McDonald’s latest campaign defaces impressionist paintings and inserts the brand’s iconic symbols into rebellious painters’ masterpieces.
Marketing agency DDB Athens has reconceived Impressionism and placed the golden arches of the McDonald’s franchise into historical paintings for its latest “Meant to be Classic” ad campaign.
The campaign elevates the American brand to a “classic” with the unveiling of a series of ads based on impressionist paintings revisited with the restaurant’s emblematic symbols. In the campaign, the brand’s elements interact with impressionist artworks from Manet, Van Gogh, and Renoir, using the original pieces as a canvas for advertising expression.

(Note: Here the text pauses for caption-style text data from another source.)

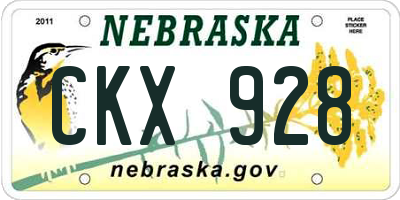 NE license plate CKX928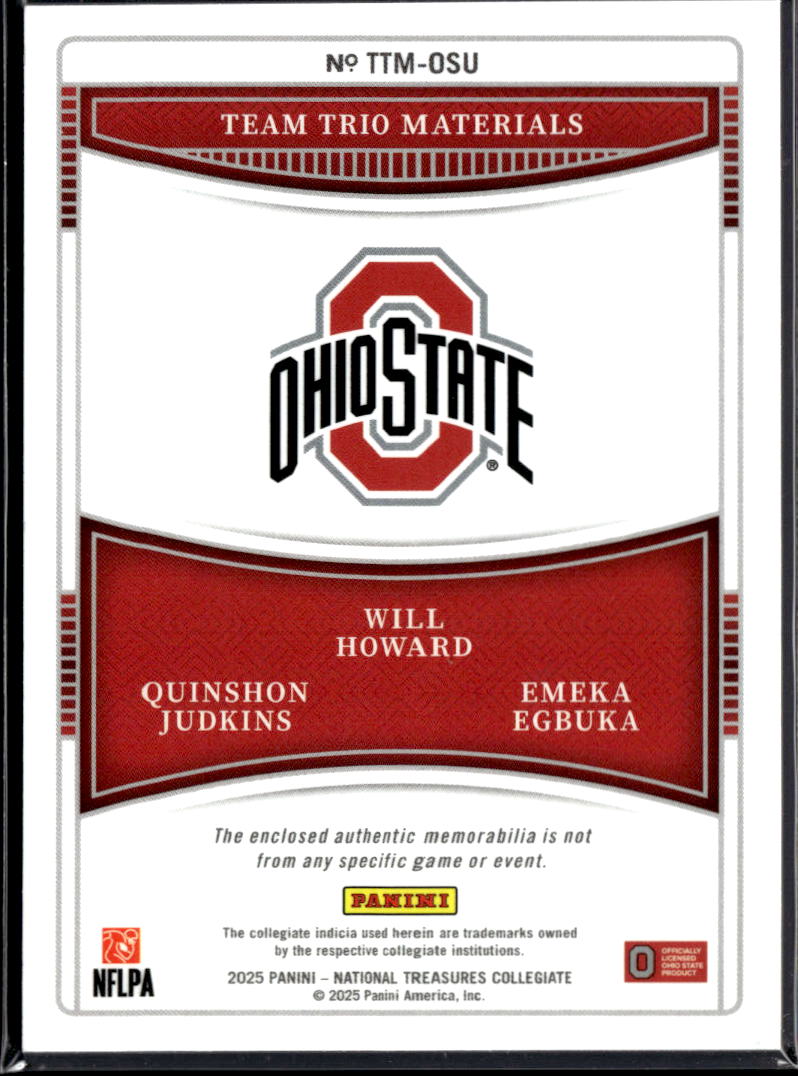 Quinshon Judkins Will Howard Emeka Egbuka 2025 National Treasures Jersey /99 OSU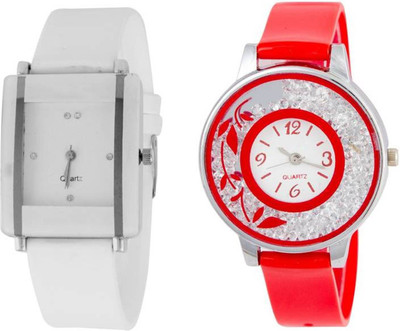 

Shree White and Red Color Analog Watch +AD11+1 Watch - For Women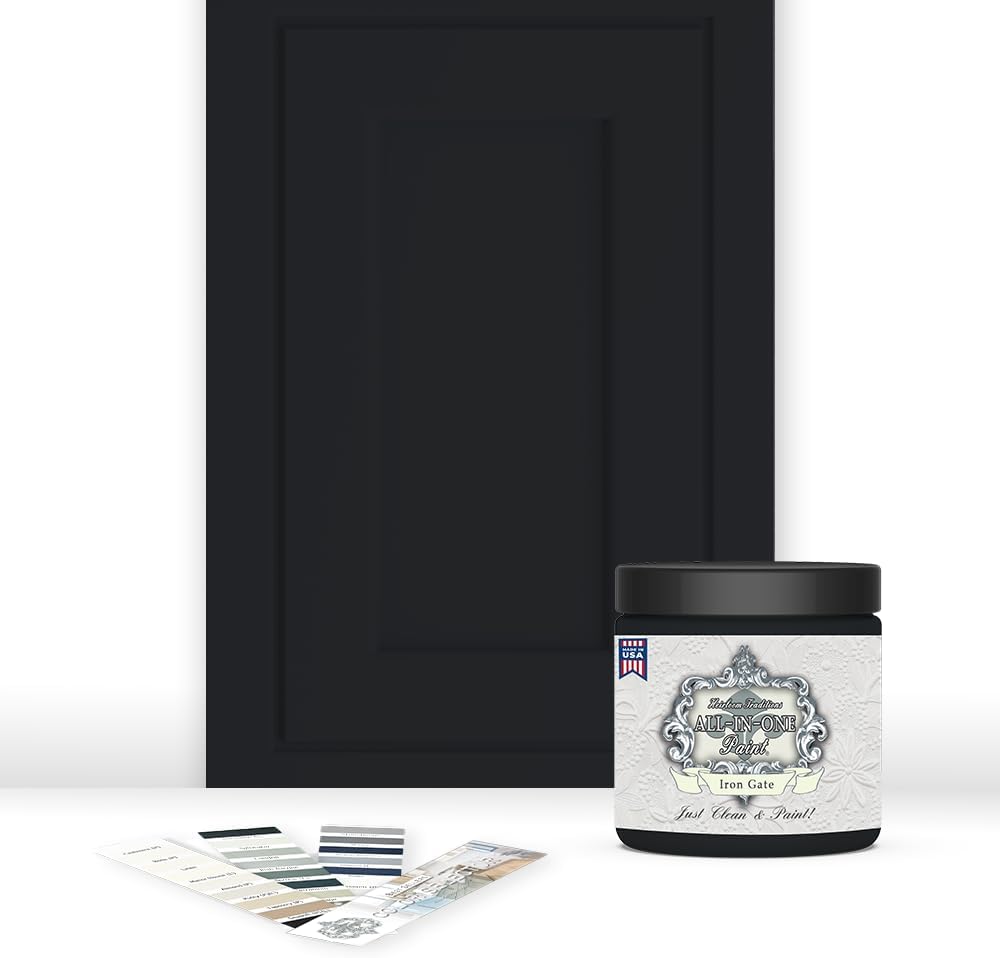 ALL-IN-ONE Paint, Durable cabinet and furniture paint. Built in primer and top coat, no sanding needed. Includes our 30 featured color card - Iron Gate (black), 8oz Sample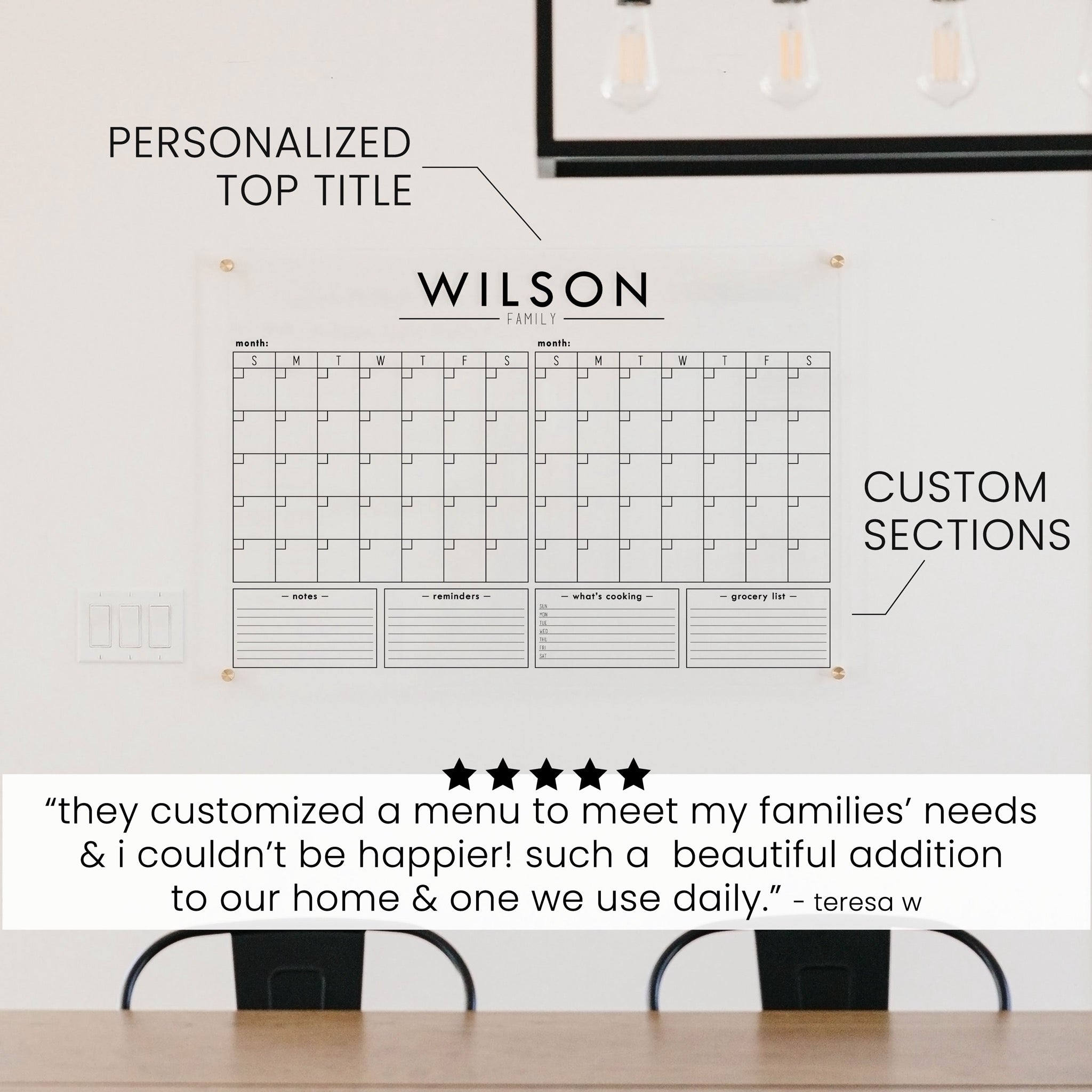 2 Month Acrylic Calendar + 4 Sections | Horizontal Craig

In Édouard Manet’s In the Conservatory and A Bar at the Folies-Bergère, for example, characters interact with the branded fast food elements. They hold large cokes while standing over half-eaten McNuggets.

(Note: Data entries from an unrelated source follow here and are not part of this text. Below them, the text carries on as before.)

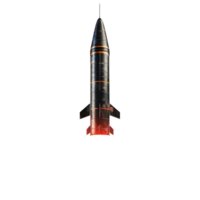 A rocket with a flame effect on the bottom against transparent background png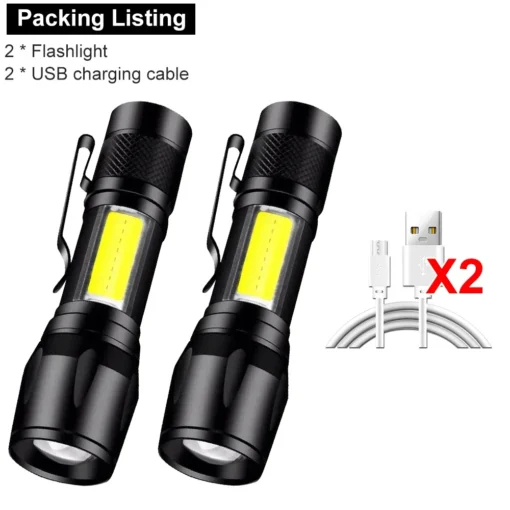 Mini LED Flashlight COB+XPE Portable Torch - Image 10
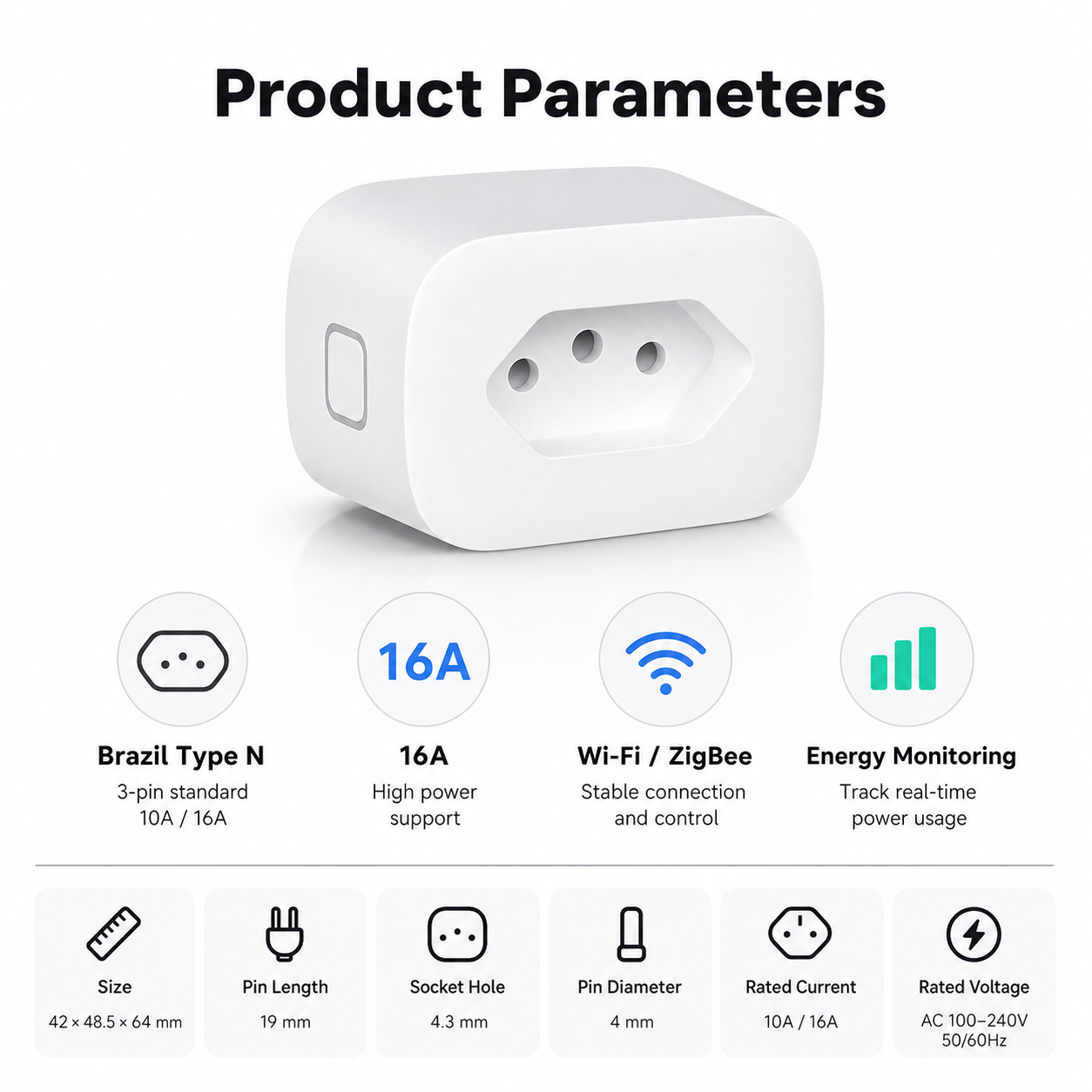 Product parameters overview for Brazil Type N smart plug 16A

In Pierre-Auguste Renoir’s Figures on the Beach, ladies hold McDonald’s takeaway bags as they prepare for an oceanside picnic. The marketing agency also revisited Vincent Van Gogh’s iconic self-portrait featuring a single bacon slice on his collar.
The agency seeks to build upon the revolutionary spirit of the talented and reckless oil painters, who in the 19th century France rose against harsh opposition from the art community for violating conventional rules. By doing so, it aims to assert McDonald’s as a modern classic.

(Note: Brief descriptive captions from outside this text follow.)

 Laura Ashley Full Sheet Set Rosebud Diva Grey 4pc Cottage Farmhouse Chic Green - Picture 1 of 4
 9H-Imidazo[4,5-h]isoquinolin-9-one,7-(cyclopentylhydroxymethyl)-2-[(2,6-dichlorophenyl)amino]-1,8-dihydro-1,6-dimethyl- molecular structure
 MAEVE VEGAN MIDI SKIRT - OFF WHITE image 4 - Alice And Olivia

The campaign project was directed by Costas Vanis and Eirini Tzioti, respectively, in the role of executive creative director and senior art director at DDB Athens. The illustrations were curated under the direction of Gerasimos Chatzis.
In the past, McDonald’s and TBWA\Paris similarly used impressionistic visuals of stormy skies and rain-drenched windows to make the case for ordering McDelivery service on a rainy day.